The security community has been viciously debating about the effectiveness of SMS-based two-factor authentication, although primarily in relation to phishing attacks which would require the targets to volunteer their verification codes to look-alike login pages. However, for those whose adversaries are capable of intercepting messages the attack scenarios I described are much more pernicious and harder to protect against. In my perhaps unpopular opinion, despite being better than none in most use cases, SMS verification has only become a liability for activists, journalists and other vulnerable communities. In those cases, it might even simplify the attackers’ lives.
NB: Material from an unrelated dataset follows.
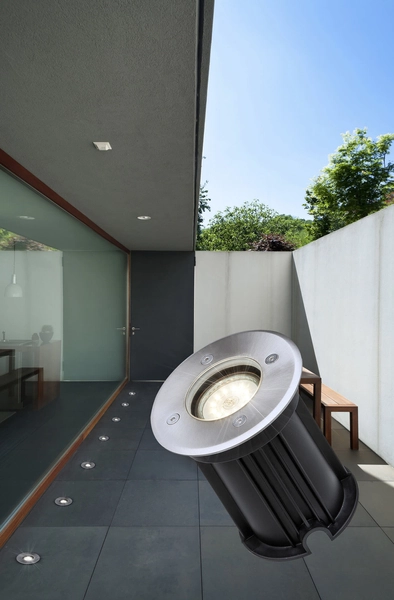 Najazdowa lampa gruntowa Style 311100 do ogrodu IP67 stal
While we need to continue equipping as many at-risk users as possible with hardware security keys, the tech sector needs to re-think current verification procedures and democratize access to more secure authentication protocols. Above all, a more dedicated debate around the oversight and accountability of mobile network operators is long overdue. They are no longer “just” carriers of our phone conversations, but have become gatekeepers of our digital identities too. Consumers are required to place enormous trust in these companies, some of which regularly betray it with impunity. We need to urge companies to not concede to the surveillance industry and to adopt all available mitigation strategies.